Why Courses Aren't Always the Answer

Before I get into alternatives, let me be clear about why courses fail for so many creators.

The first issue is completion. Buyers complete only about 10–15% of online courses on average. That means 85% of your customers paid for something they never finished. Refund rates are high. Reviews can be lukewarm. And you end up on the hook for updating content as things change.

The second issue is production cost. A decent video course takes weeks or months to film, edit, and structure. That's time not spent on other income-generating activities.

The third issue is commoditization. There are courses on everything now. Unless you're a known authority with an established audience, it's hard to stand out in a sea of $197 courses.

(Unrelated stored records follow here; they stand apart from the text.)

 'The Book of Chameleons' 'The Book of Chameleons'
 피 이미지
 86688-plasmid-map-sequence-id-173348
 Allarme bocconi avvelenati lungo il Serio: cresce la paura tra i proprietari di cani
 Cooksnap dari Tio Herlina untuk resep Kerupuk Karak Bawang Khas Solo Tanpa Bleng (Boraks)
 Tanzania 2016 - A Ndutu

None of this means courses never work. They do. But they're not the only tool in the box.

Templates and Toolkits

This is my personal favorite format, and it consistently outperforms other products in terms of time-to-create versus revenue generated.

A template is a ready-made version of something your buyer would otherwise have to build from scratch. Notion templates, spreadsheet systems, Canva design sets, email sequence templates, content calendars, SOPs — all of these count.

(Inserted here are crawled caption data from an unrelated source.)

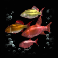 dolphins pearl deluxe 10 swarm symbol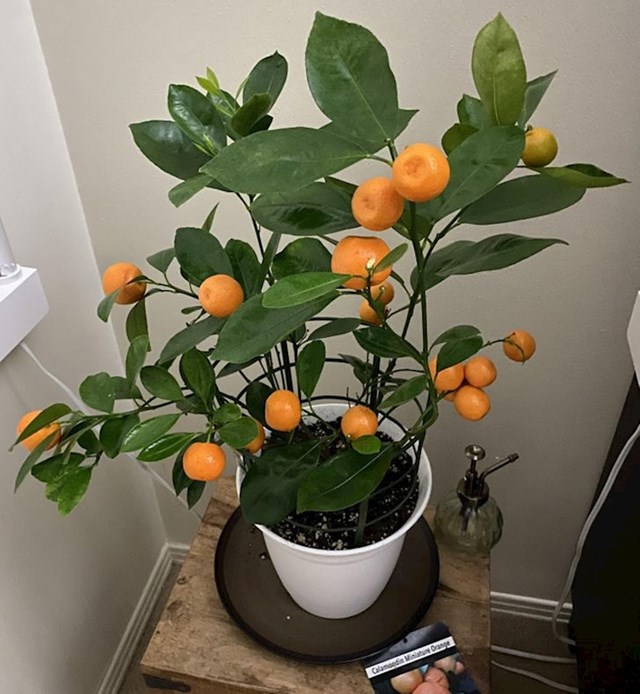 "Moje malo stablo naranče"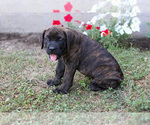 Small #1 Cane Corso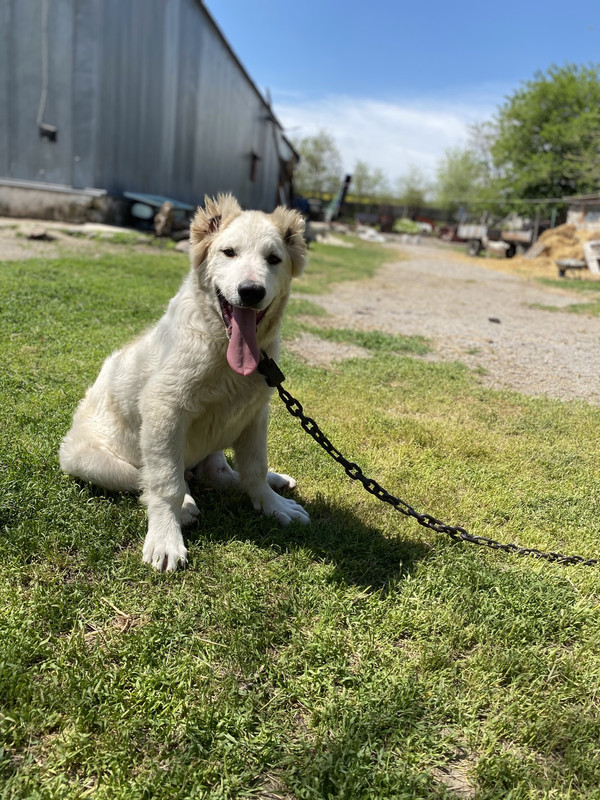 222E2692-43CE-434A-A7B7-977FB6EBA5AA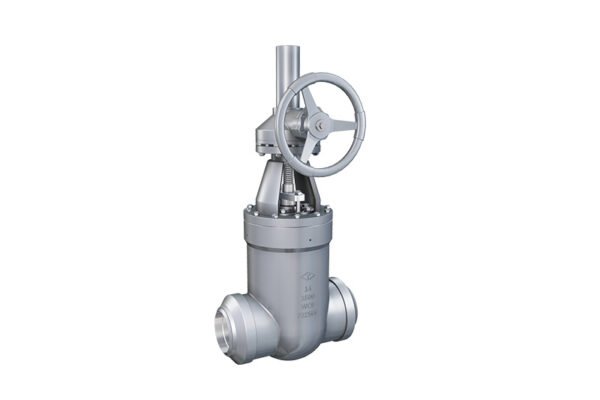 ANSI Standard gate valve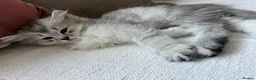 British Longhair cats for sale: British Longhair little kittens  - Advert 4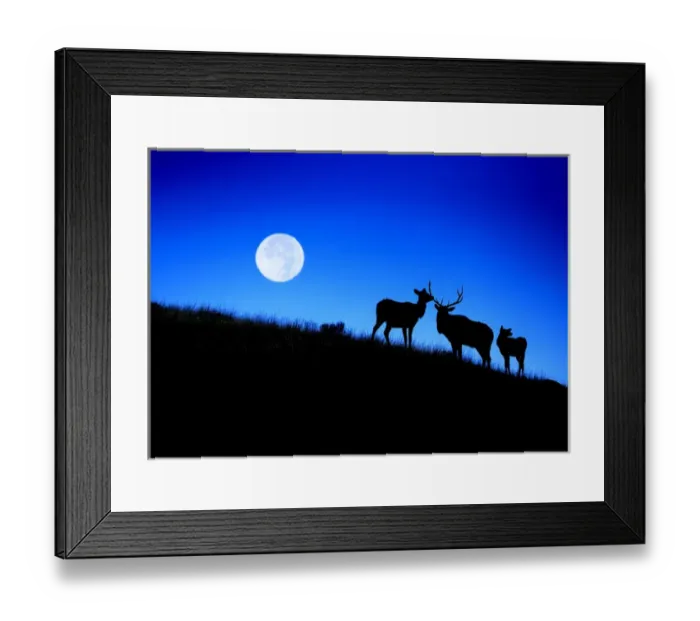 Framed Print : Full Moon, Super Moon, Rocky mountain bull elk with harem, Cervus elaphus, Yellowstone National Park Framed Print : Full Moon, Super Moon, Rocky mountain bull elk with harem, Cervus elaphus, Yellowstone National Park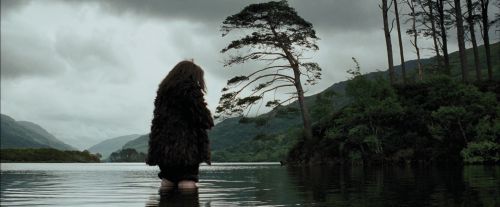 Click to view full size image
==============
PdA-Potterish_4635.jpg PdA-Potterish_4635.jpg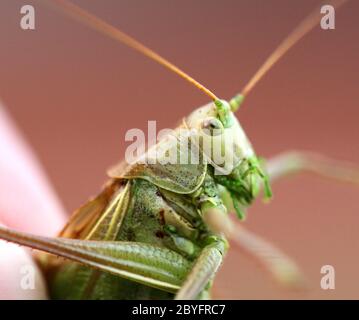 Porträt von einem großen grünen Heuschrecke in den Händen Stockfoto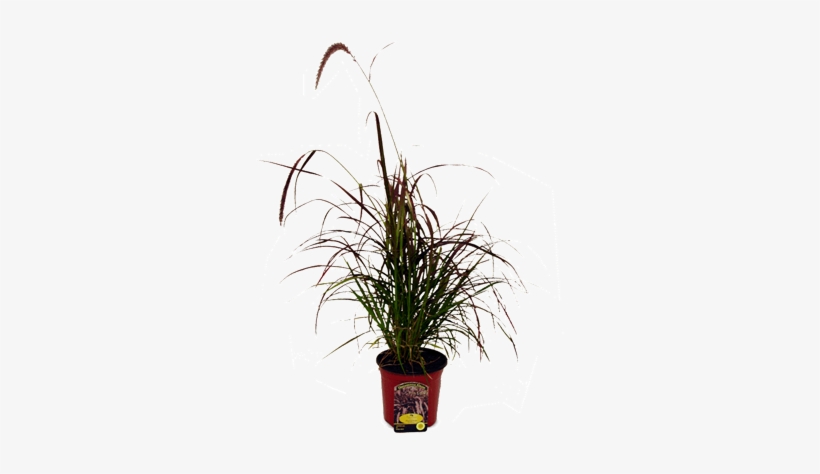 Perennials - Perennial Plant, transparent png download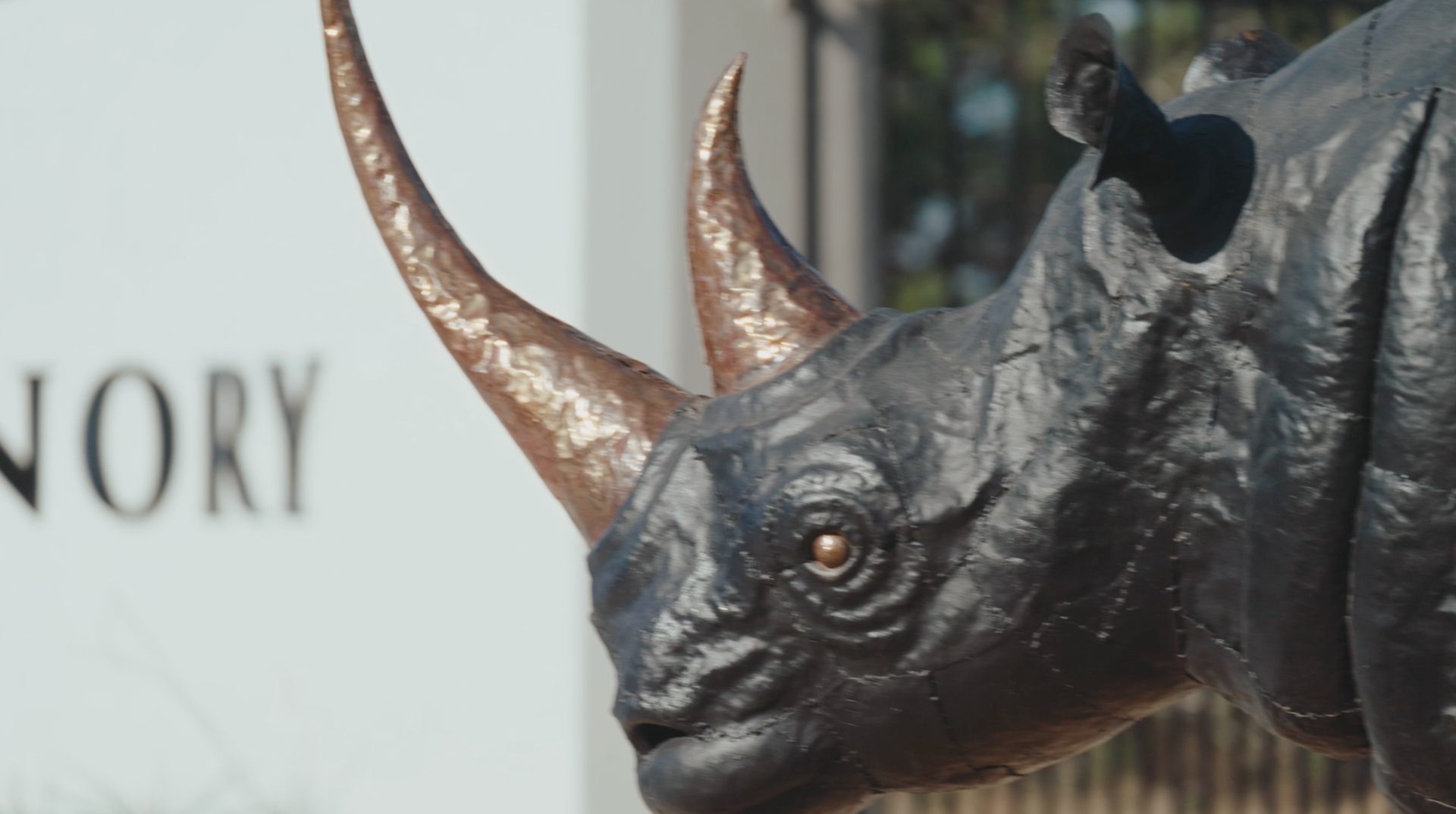 Natural material, Head, Eye, Sculpture, Grey, Horn, Art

The key is specificity. "A budget template" is too generic. "A bi-weekly budget template for freelancers with irregular income" is specific enough that the right buyer immediately recognizes it as exactly what they've been looking for.

I've sold template packs priced from $19 to $97. The higher-priced ones include multiple related templates plus brief instructions. Total creation time: a few hours to a weekend.

Guides and Frameworks

A guide is different from a course because it doesn't need to be consumed sequentially, doesn't need video, and can be as long or as short as the topic requires.

My best-selling guide is 38 pages. It took me four days to write and format. It sells for $67. It's been selling for two years without me touching it.

The secret to a guide that commands real money is the framework. Don't just organize information — create a named system. "The 5-Step X Framework" or "The Y Method" makes the same information feel proprietary and more valuable than a generic listicle.

Workshop Recordings

A workshop is a live session you run once — usually 60 to 90 minutes — then sell the recording forever. This format is dramatically faster to create than a course because you only have to show up once and teach naturally.

I've run three workshops. Each took maybe two hours of prep and one hour of delivery. The recordings sell for $27–$47. No ongoing updates, no student support, no re-recording.

The best workshops are highly practical and solve one specific problem from start to finish. "How to Set Up a Digital Product Store in One Day" is a good workshop. "Everything About Building an Online Business" is not.

Done-For-You Documents

These are knowledge products that are already filled in — the buyer doesn't have to do the work themselves.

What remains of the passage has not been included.